In preparing for active research project between a couple of my graduate classes, I was fortunate enough to be directed to an article that appeared in a July 2008 copy of English Journal. In the article, “Research Matters: Authentic Literacy and Student Achievement (NCTE membership required for viewing),” Rick VanDeWeghe describes how important it is for English teachers to push students to achieve authentic literacy. Using the research of Mike Schmoker, he defines authentic literacy as “the ability to read, write, and think effectively.” This is accomplished when “students engage in deep reading based on provocative questions posed before reading and then have opportunity to ‘argue and support an interpretation from one or more texts’ in writing.” I would also add that it’s possible for students to have that opportunity to argue and support interpretations through class discussion, as well.

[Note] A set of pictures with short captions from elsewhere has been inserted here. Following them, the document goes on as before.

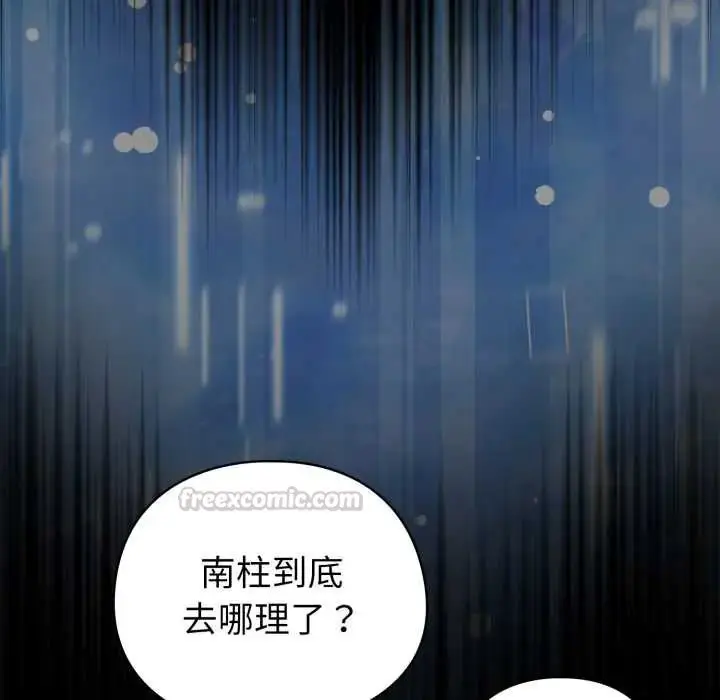 漫画《配角的生存任务》第66话第15张图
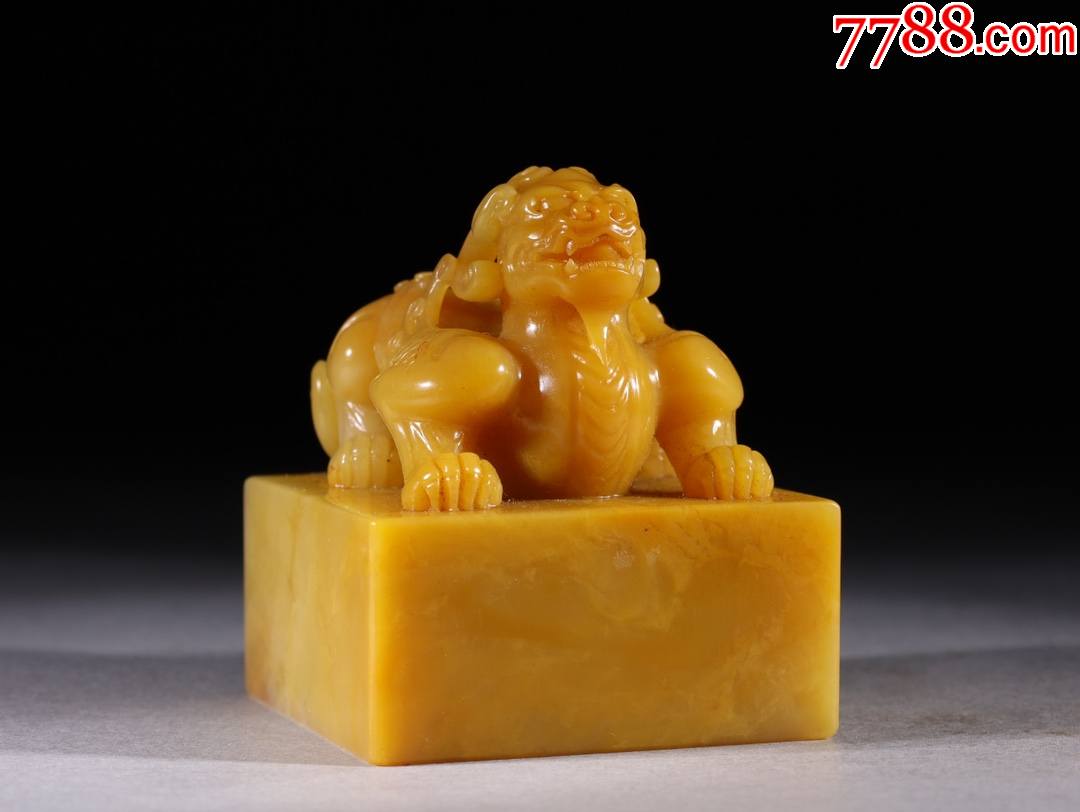 清代,寿山田黄瑞兽印章_价格8000元_第1张_7788收藏__收藏热线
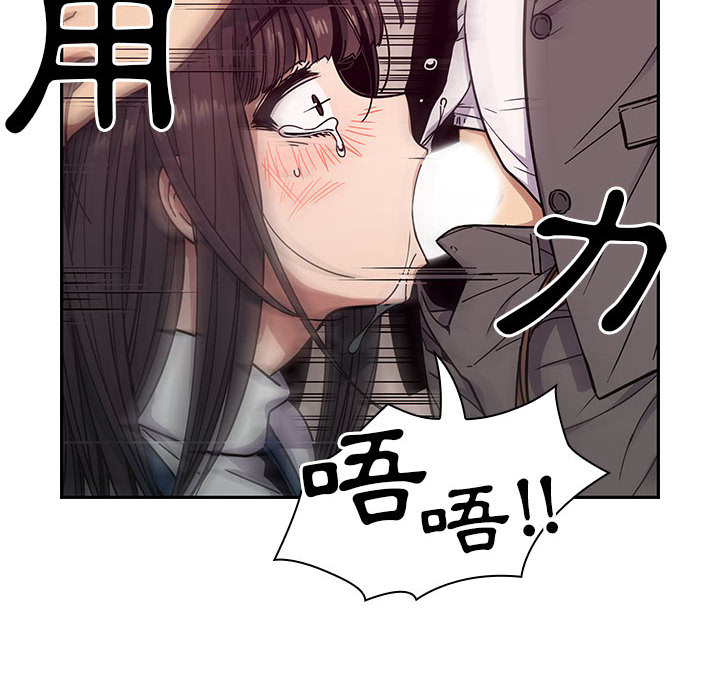 罪與罰 第12章 第4页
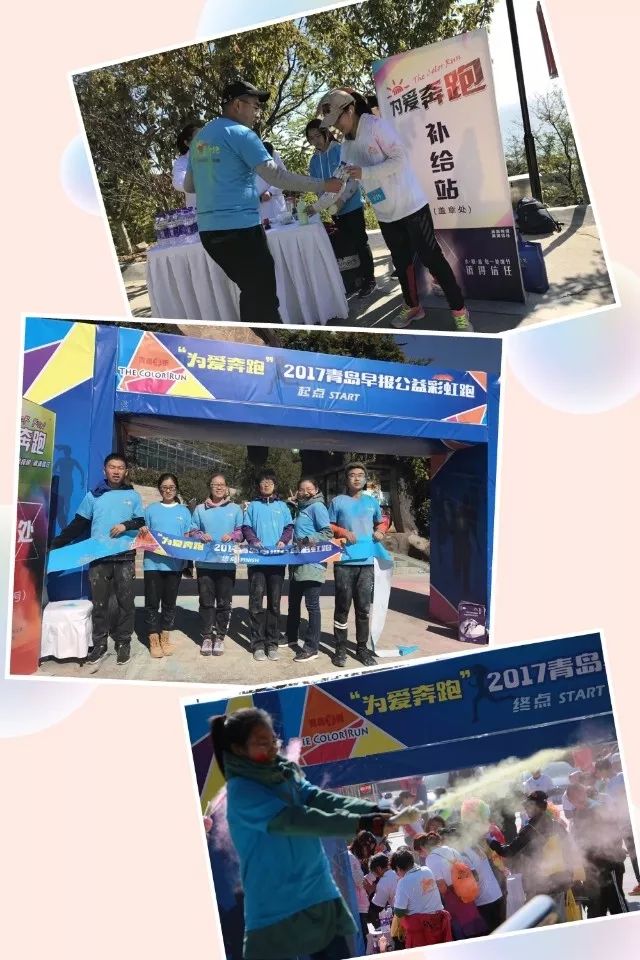 【早报旅游】为爱奔跑!公益彩虹跑热力开跑 300名市民嗨翻天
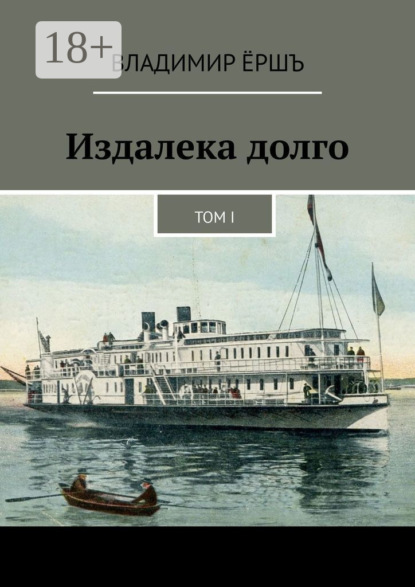 Скачать книгу Издалека долго. Том I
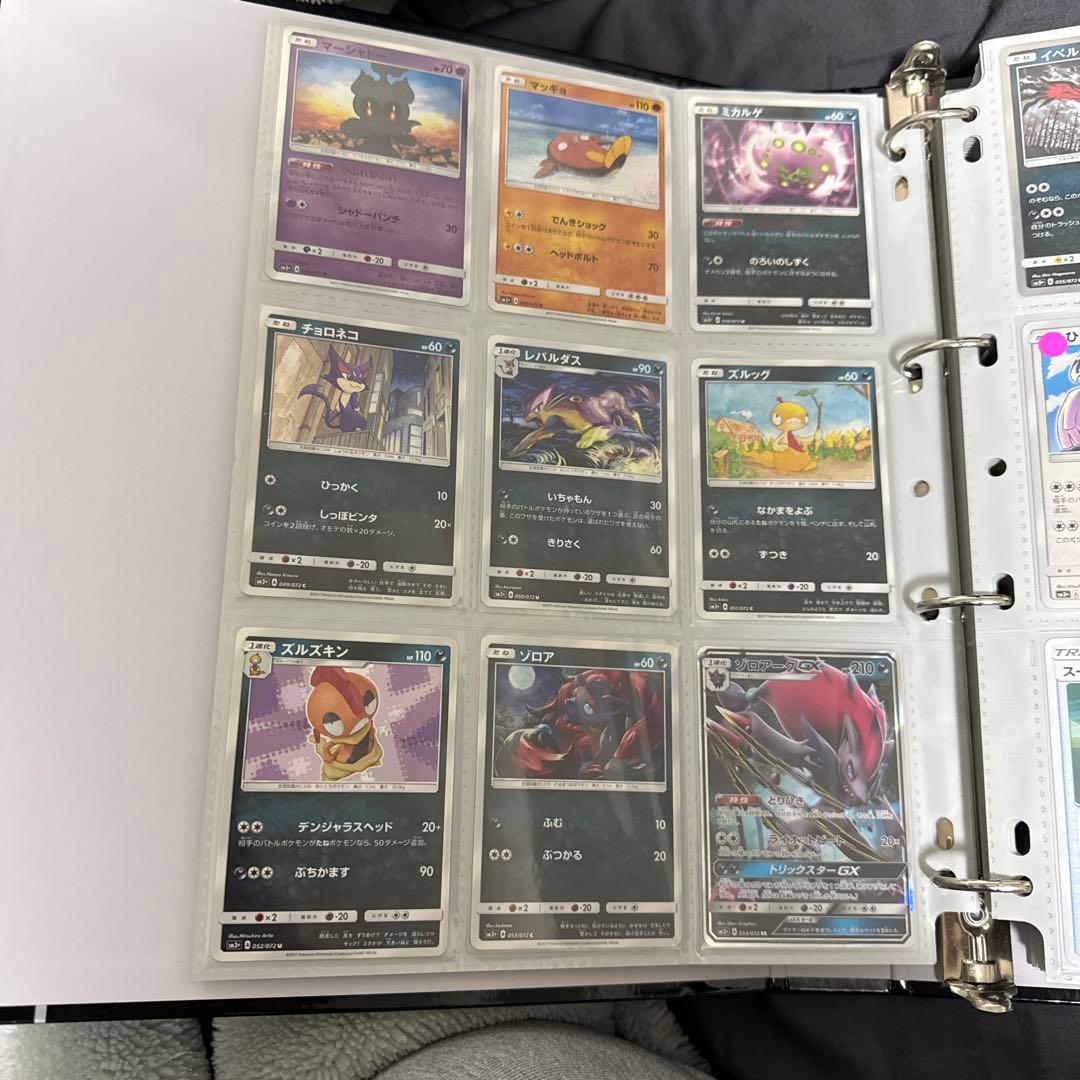 ポケモンカード sm3+ ひかる伝説 ひかるミュウ 他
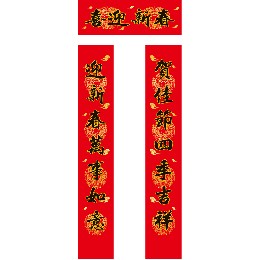 2019年新款春节通用广告对联定制，年红纸春联加工  铜版纸春联  烫金春联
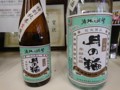 月の輪　特別純米生原酒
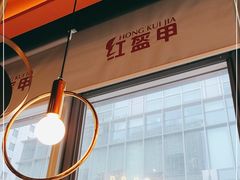 -红盔甲·小龙虾(天钥桥店)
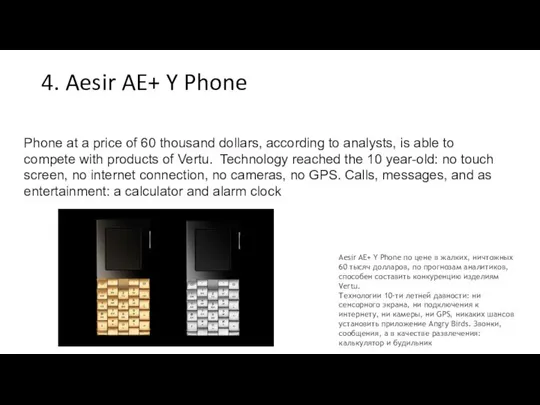 4. Aesir AE+ Y Phone Phone at a price of 60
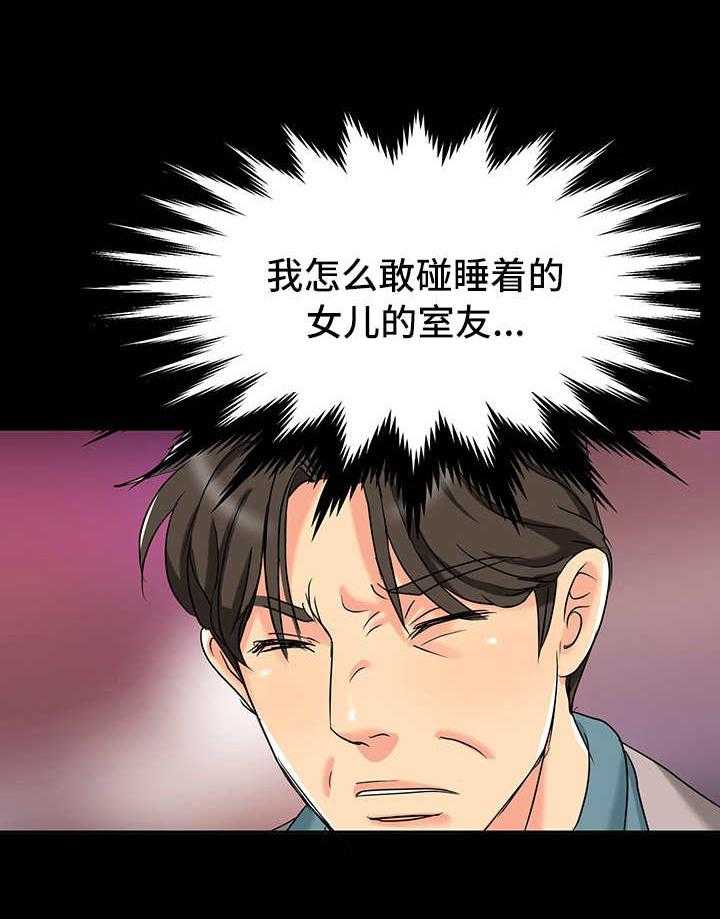 《难以抑制》漫画最新章节第5话 5_尴尬免费下拉式在线观看章节第【4】张图片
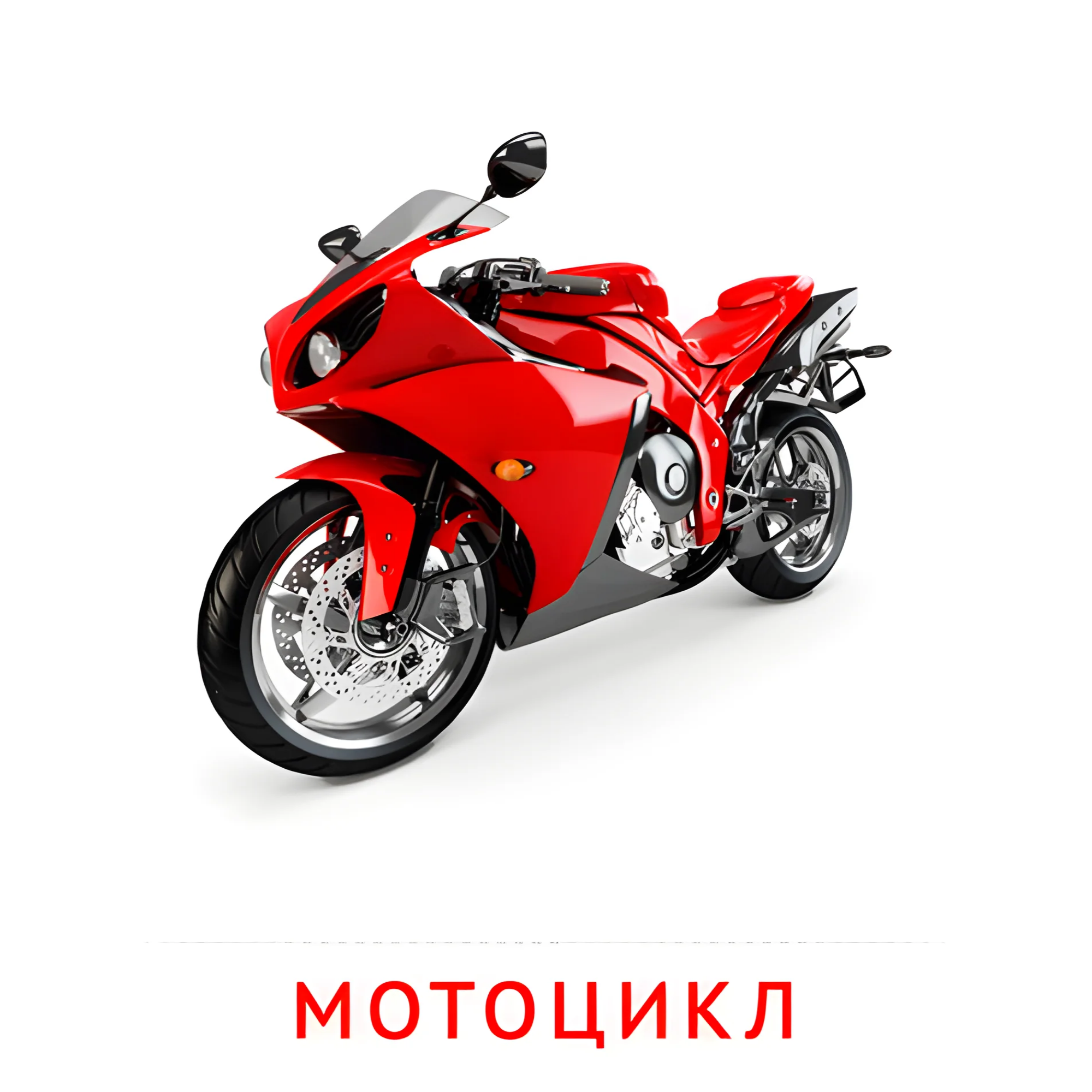 Мотоцикл №2601. Карточки Домана на русском языке. Транспорт.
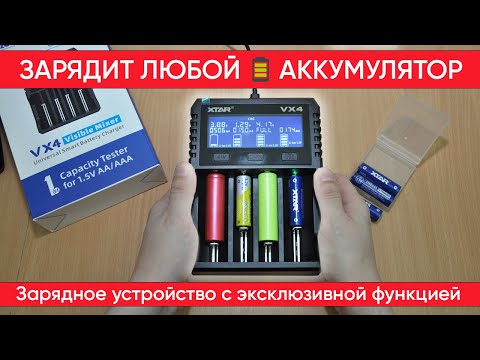 Видео: XTAR VX4 - зарядное устройство с тестом ёмкости, для всех типов аккумуляторов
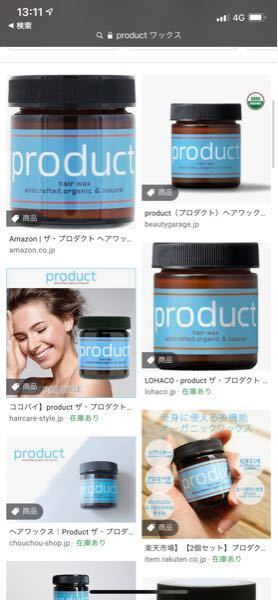 Productの青い方めちゃくちゃ良いから使ってたんですけど Yahoo 知恵袋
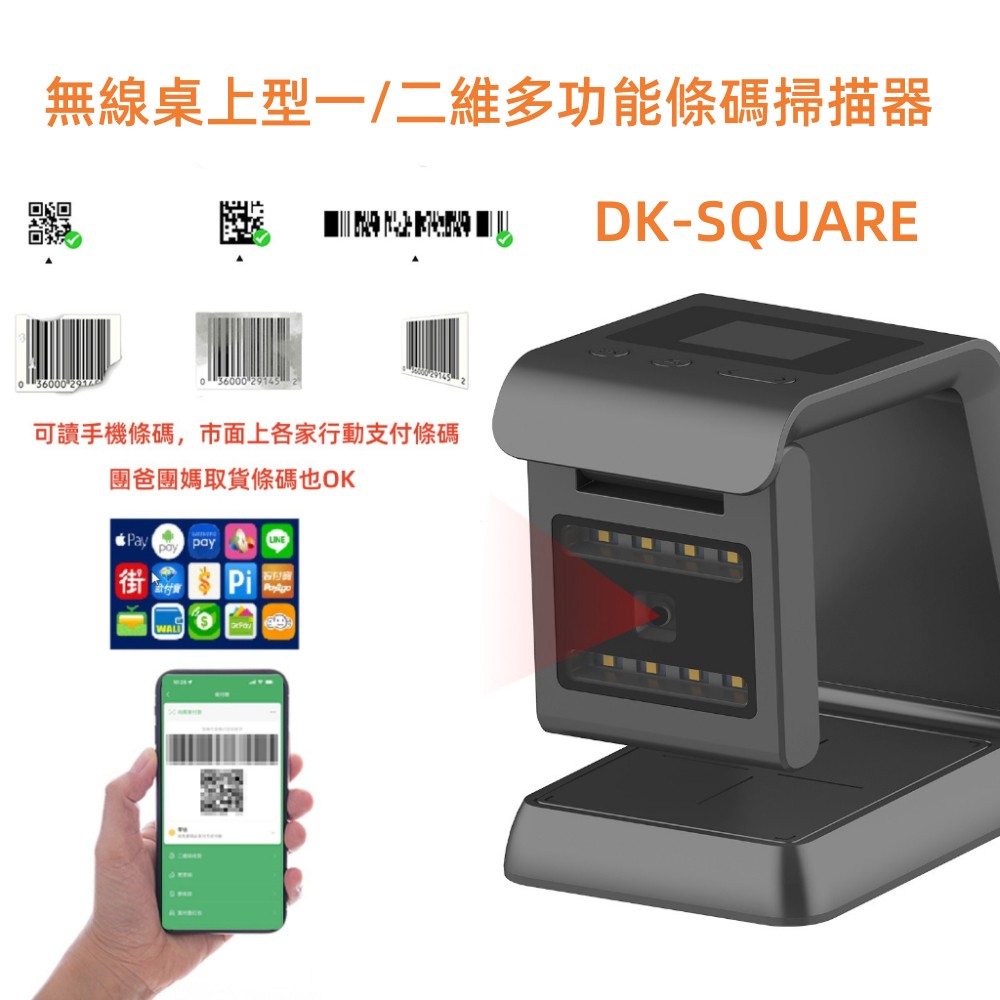 DK-SQUARE 螢幕顯示無線二維平台條碼掃描器 NFC 行動支付 手機載具 護照機票條碼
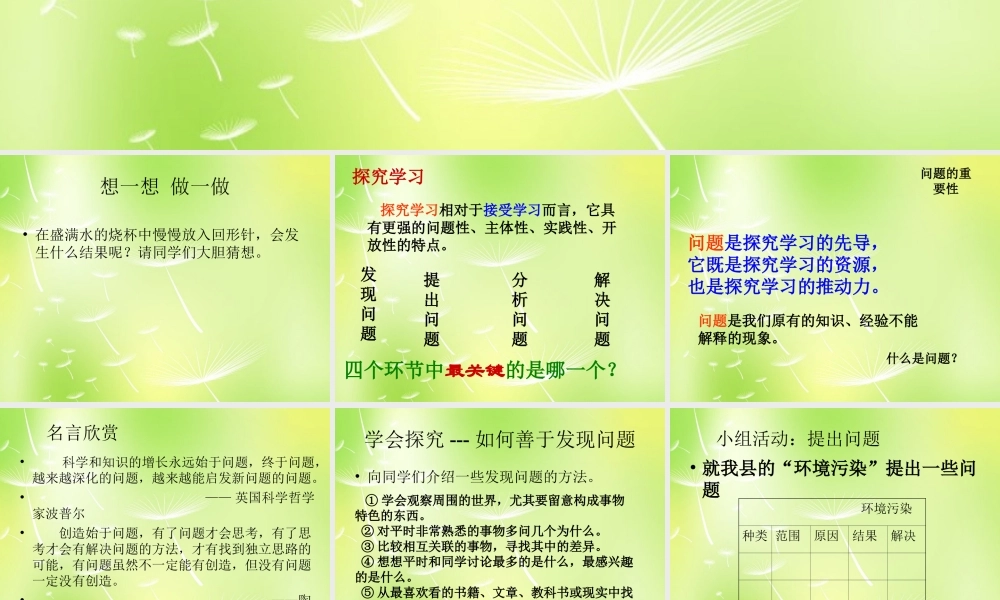 中学七年级政治上册(12.3 学会探究)课件2 苏教版 课件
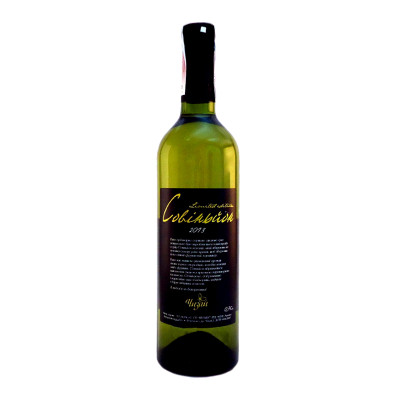Вино Limited Edition Совіньон біле сухе 0.75 л, 4820001632910, Чизай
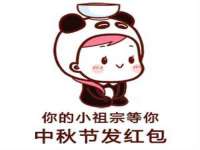 无锡和杰织印有限公司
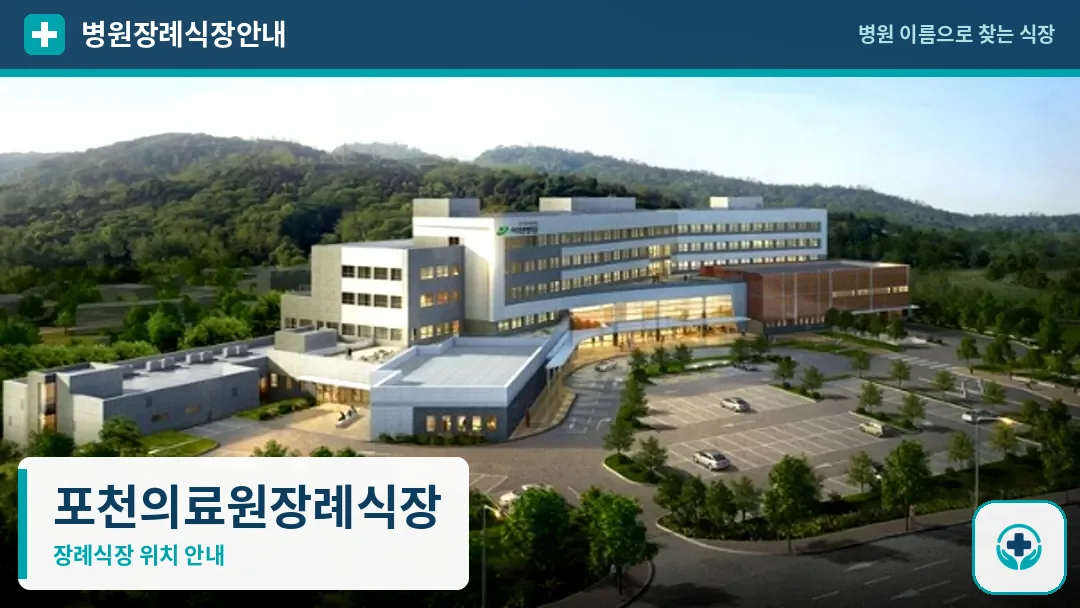 포천의료원장례식장 사진 1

This can all be done through, as VanDeWeghe argues, close readings, rereadings, writing and whole class discussion. It’s not that one activity or process is the best way to push students toward acquiring high-level cognitive skills. Instead, it’s a combination of all the aforementioned strategies, as well as others, that work together give students a chance to achieve authentic literacy. For instance, rereading can take place before a close reading, which leads to a whole class discussion where students are directed to summarize or finalize their thoughts on the discussion in a written response.
But why is authentic literacy necessary? Well, VanDeWeghe argues and I agree, that whether it’s to improve test scores, increase lifelong reading and learning or improve critical thinking or writing, students need to be pushed toward that authentic literacy. It’s something that, if possessed, can touch on many different learning goals, with the most important being a benefit for student achievement.
Through lessons where “students read many interesting texts, create arguments based on evidence from those texts, write to explore understandings, reﬁne interpretations and bolster arguments,” teachers can push students and student can succeed.
I’ll leave you with this passage from Schmoker that VanDeWeghe uses in his piece about the importance of writing in the classroom:
When we help students write and revise, we are helping them to create and reﬁne meaning itself, to make connections and see patterns that are at the heart of sophisticated thought. These connections lead to insight, invention, and solutions to problems in every realm—social, professional, and political. With reading as its raw material, writing exercises the intellect as it moves from amorphous understanding toward precision and practical application. In the end, writing allows us to discover and produce thought in its clearest and most potent form.
I’d say this could be done at times through class discussion. But isn’t unwritten thought incomplete thought? Then maybe it’s necessary to combine the reading, thinking and writing seamlessly for the benefit of student achievement.